YOUR INSTRUCTIONS -
The result should be an exact copy of every record, with no pictures kept.
[[ GIVEN RECORDS, beginning ]]
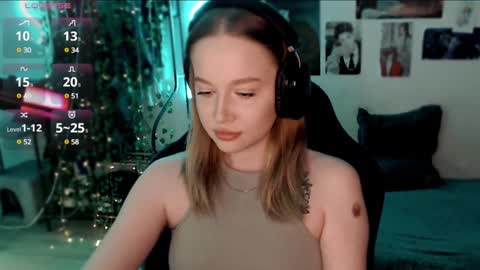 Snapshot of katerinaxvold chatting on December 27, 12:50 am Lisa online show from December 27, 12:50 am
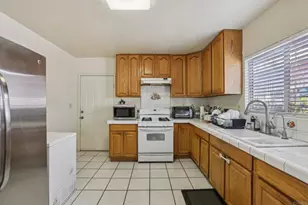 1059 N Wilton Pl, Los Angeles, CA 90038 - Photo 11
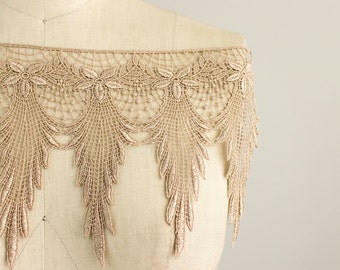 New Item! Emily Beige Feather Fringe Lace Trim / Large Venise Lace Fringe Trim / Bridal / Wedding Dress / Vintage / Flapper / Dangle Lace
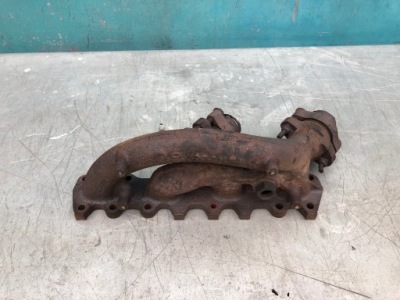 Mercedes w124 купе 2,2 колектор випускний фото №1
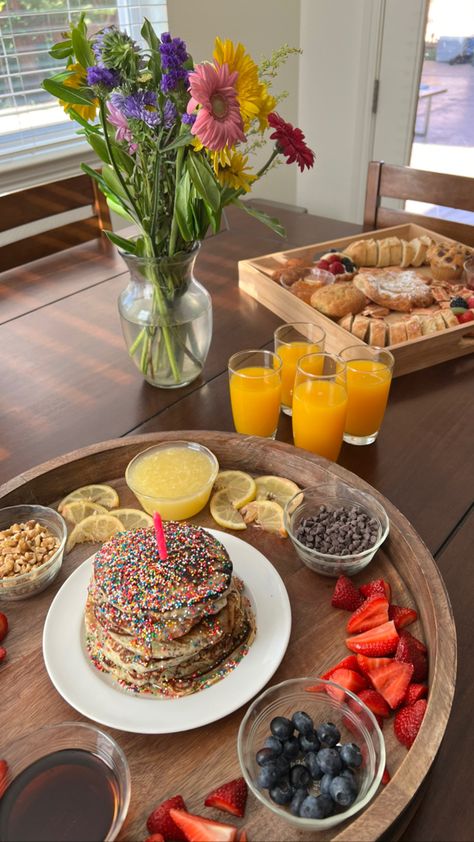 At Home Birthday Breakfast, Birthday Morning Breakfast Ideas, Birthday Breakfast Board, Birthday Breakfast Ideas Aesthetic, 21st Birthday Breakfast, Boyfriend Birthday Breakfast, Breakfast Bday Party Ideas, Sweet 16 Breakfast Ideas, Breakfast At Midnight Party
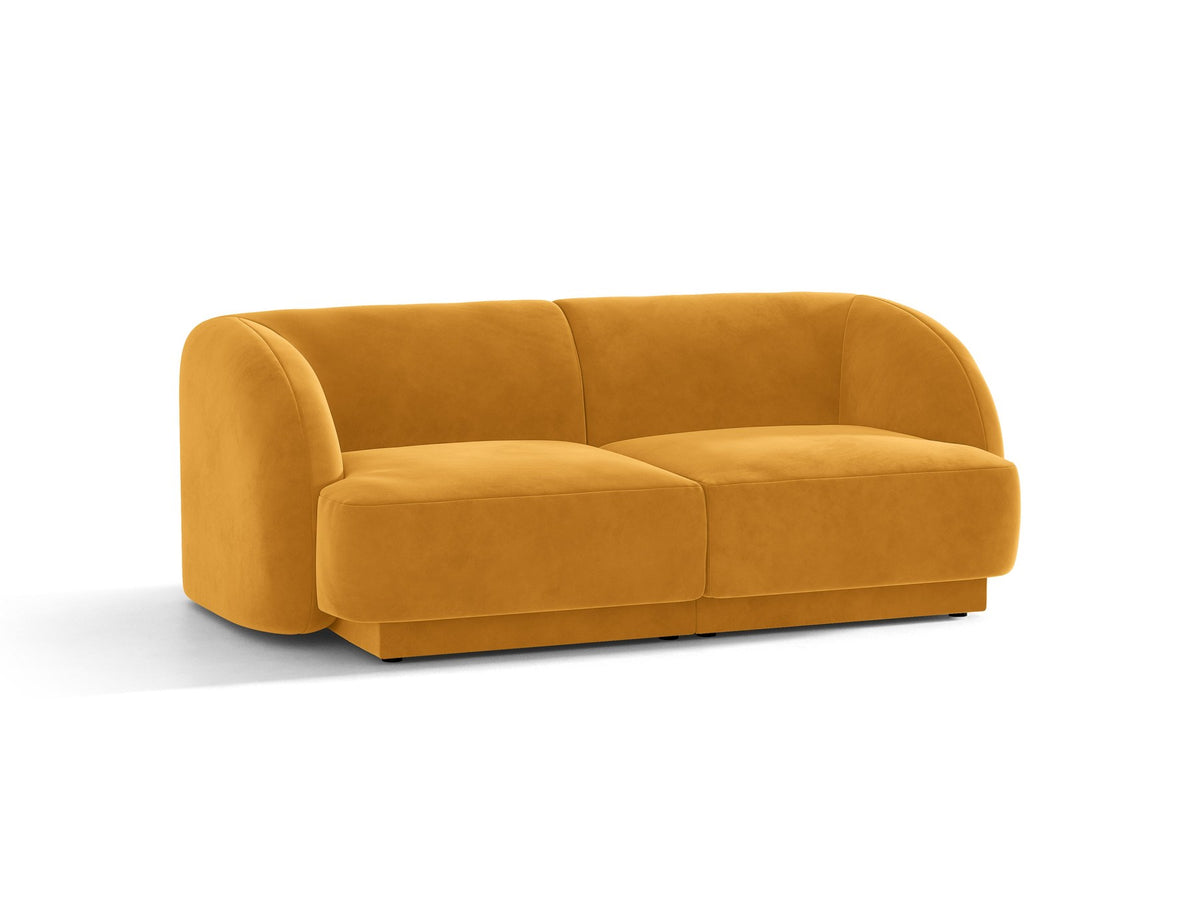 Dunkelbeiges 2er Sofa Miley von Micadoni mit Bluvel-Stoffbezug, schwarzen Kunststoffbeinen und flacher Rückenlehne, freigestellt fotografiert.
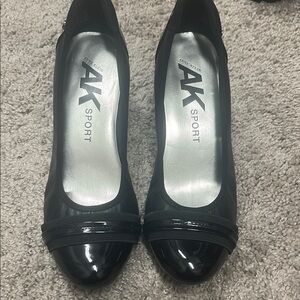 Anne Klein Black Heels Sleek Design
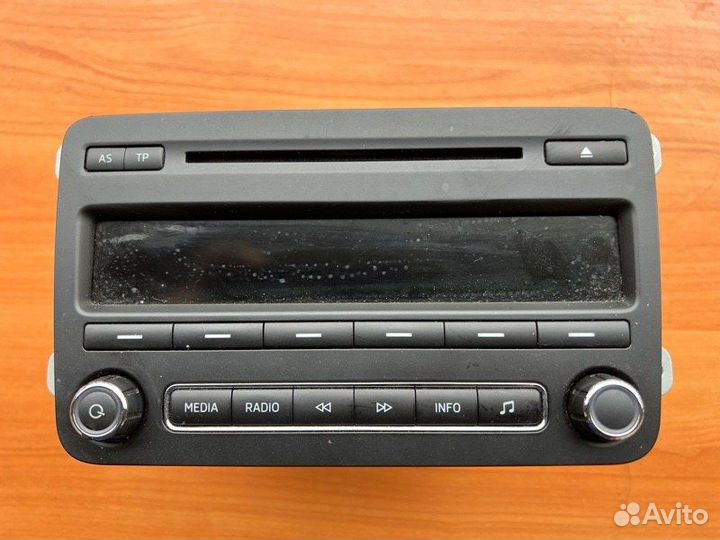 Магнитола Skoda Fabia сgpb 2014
[[ GIVEN RECORDS, end ]]
REPLY -
 Snapshot of katerinaxvold chatting on December 27, 12:50 am Lisa online show from December 27, 12:50 am
 1059 N Wilton Pl, Los Angeles, CA 90038 - Photo 11
 New Item! Emily Beige Feather Fringe Lace Trim / Large Venise Lace Fringe Trim / Bridal / Wedding Dress / Vintage / Flapper / Dangle Lace
 Mercedes w124 купе 2,2 колектор випускний фото №1
 At Home Birthday Breakfast, Birthday Morning Breakfast Ideas, Birthday Breakfast Board, Birthday Breakfast Ideas Aesthetic, 21st Birthday Breakfast, Boyfriend Birthday Breakfast, Breakfast Bday Party Ideas, Sweet 16 Breakfast Ideas, Breakfast At Midnight Party
 Dunkelbeiges 2er Sofa Miley von Micadoni mit Bluvel-Stoffbezug, schwarzen Kunststoffbeinen und flacher Rückenlehne, freigestellt fotografiert.
 Anne Klein Black Heels Sleek Design
 Магнитола Skoda Fabia сgpb 2014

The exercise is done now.